Petit HS mais dans le sujet quand même : amateur de foot, je me suis rendu compte que je préférais les matches de foot féminin : les séquences de jeu sont plus longues et plus fluides, moins hachées par les fautes (ah le fameux jeu viril cher à Thierry Roland..). Et si les performances techniques et athlétiques individuelles sont effectivement inférieures aux mecs pour le moment (moins de pratiquants, moins de dopage) ça reste plus esthétique à voir pour moi car le jeu collectif a plus d’importance.
Et dernier petit HS dans le sujet quand même :
►http://www.cafebabel.fr/article/44008/mariage-pour-tous-droit-ringardise-pour-tous.html
Le foot féminin : le sexe vend… s’il est hétéro !

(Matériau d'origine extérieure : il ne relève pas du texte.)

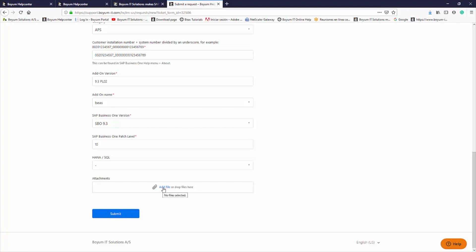Finally, it's also possible to add attachments, such as screenshots of the error message or other additional information.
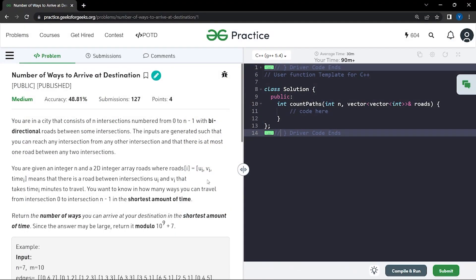In this video we will discuss the problem 'Number of Ways to Arrive at Destination'. The problem says that we are in a city that consists of n intersections numbered from 0 to n minus 1, with bi-directional roads between some intersections. The input is generated such that you can reach any intersection from any other intersection, and there is at most one road between any two intersections — so basically this is a single connected component.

L’homophobie et le racisme dans le milieu du sport, et en particulier dans celui du sport préféré des Allemands - le football - est l’un de ses sujets de recherche de prédilection. Le constat de Nina Degele ôte toute illusion : « le football est tellement associé à la virilité et à une norme hétérosexuelle que les homosexuels n’y ont aucune place. » C’est pour cette même raison que les femmes rencontrent des difficultés dans ce sport : « Les femmes qui jouent au foot, d’avance, ne sont pas considérées comme de “vraies femmes” et elles sont toujours confrontées au préjugé selon lequel elles sont lesbiennes. » C’est de cette image que le football féminin essaie de se débarrasser. Le sexe vend, mais l’homosexualité va tout de même un peu trop loin, et pourrait éventuellement dissuader les sponsors potentiels et les acheteurs de produits dérivés. D’après le professeur, « pendant la Coupe du monde de football féminin en Allemagne, les organisateurs ont essayé de donner à l’évènement une image très hétérosexuelle pour ne pas compromettre les possibilités de commercialisation ni l’acceptation dans l’opinion publique. »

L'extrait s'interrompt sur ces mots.